No, just anyone who disagrees with me on whether it's possible to find another person to have sex with.
I very clearly stated it was totally possible, but not worth the effort. That was my whole thesis - that was what made my post different from most of the others I've seen in this thread.

It's not my fault you have poor reading comprehension.
 
Guys guys guys everyone calm down...
What the hell is sex?
JBPS.jpg
 
I very clearly stated it was totally possible, but not worth the effort. That was my whole thesis - that was what made my post different from most of the others I've seen in this thread.

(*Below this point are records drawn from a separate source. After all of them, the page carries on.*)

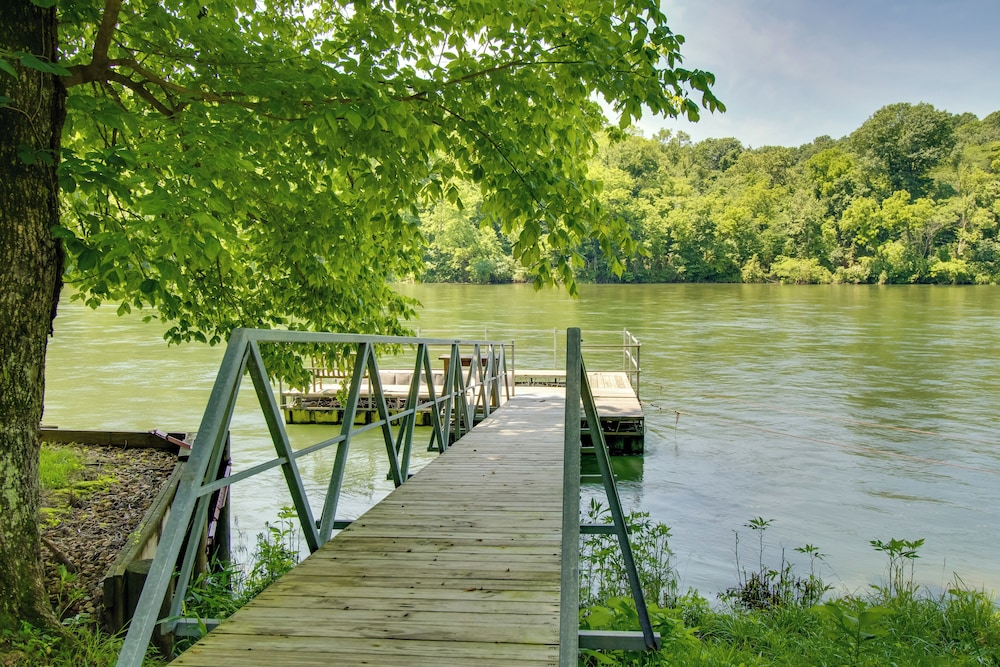 Dock Access: Romantic River Retreat in Gassville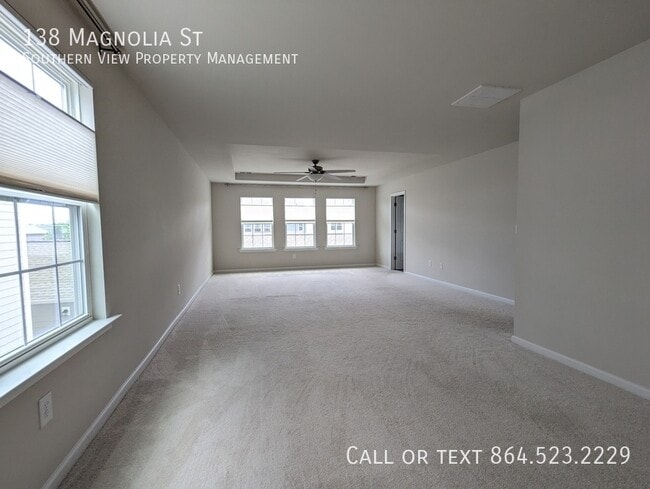 Building Photo - 138 Magnolia St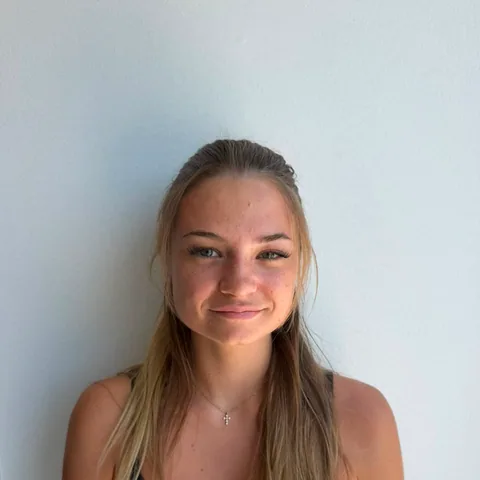 Chloe, Renewals Specialist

It's not my fault you have poor reading comprehension.
Okay fair point, but who are you top 5 rappers and is NASCAR a real sport?
 
And there you go.
That's the root of this entire issue, and it's not going away until women choose not to work or are forced not to.
Women will never choose not to work, because you can convince a woman to do anything, no matter how retarded, if you promise her it will bring her social status. I mean, look how many women are literally cutting off their tits because The Algorithm told them it would make them special.
 
How?

No, seriously, how? Unless you're telling me to rape somebody, which for obvious reasons I won't, I don't know what you want me to do different.
Here are your options.

A) Be unreasonably attractive for the type of woman you want to bang

B) Be average/below average and message a woman on a day she feels like it, hope she doesn't call you a creep/ignore you/call the cops

B2) If the above happened hope she didn't just want the dopamine/self esteem hit of being messaged and actually wants to meet you

B3) If you actually meet her hope she doesn't just want a free meal

B4) If you actually have sex hope she doesn't regret it and cry rape

Keep in mind you're competing with A for all of this. Happy hunting!
 
Once again, this an economic issue. People don't have sex because they can't afford the outcome of sex which is kids. You aren't going to screw too many women without getting one pregnant. The decline in birth rates follows the deindustrialization of the US. Then you have all the legal and illegal foreign labor making things worse. All thanks to capitalism. Capitalism has to go. We need something else. This capitalism shit isn't working. It's destroying the country and making sure white people go the way of the Dodo and Dinosaurs.
 
This guy gets it. IMO, society in general is reeling from hyper-promiscuity, coupled with birth control. Sex without the ultimate gratification of raising a family just becomes hollow after a while.

Lots of people ITT are saying that the issue is women just aren't putting out enough, but I disagree. Casual sex was never as enjoyable to women as it was to men. They have a biological imperative to find a man who is able to take care of them and their progeny. The real issue is economic in nature. Most men in this country can barely afford to take care of themselves, let alone a wife. We really shouldn't be expecting women to give us sex for free and do nothing in return to support them.
But women are putting out casually. Look at rates of sexlessness; men are far higher than women.
Agree to disagree then. IMO, most women didn't willingly choose to juggle raising children and having a career. Even today, most women would willingly leave the workplace in an instant if they can find a man who could support them. Most men would also willingly support a homemaking wife.

It's almost as if there's an issue that's larger than the behavior of both men and women at play here.
I strongly disagree. They appealed to female vanity to get them to want to go out and compete with men, girlbossing it up with "YOU GO GIRL YOU DON'T NEED NO MAN" rhetoric. You see it a lot with the propaganda of the time. It all was marxist bullshit in the end but they were right; appeal to female vanity and you shall never lack for success. At least in western countries.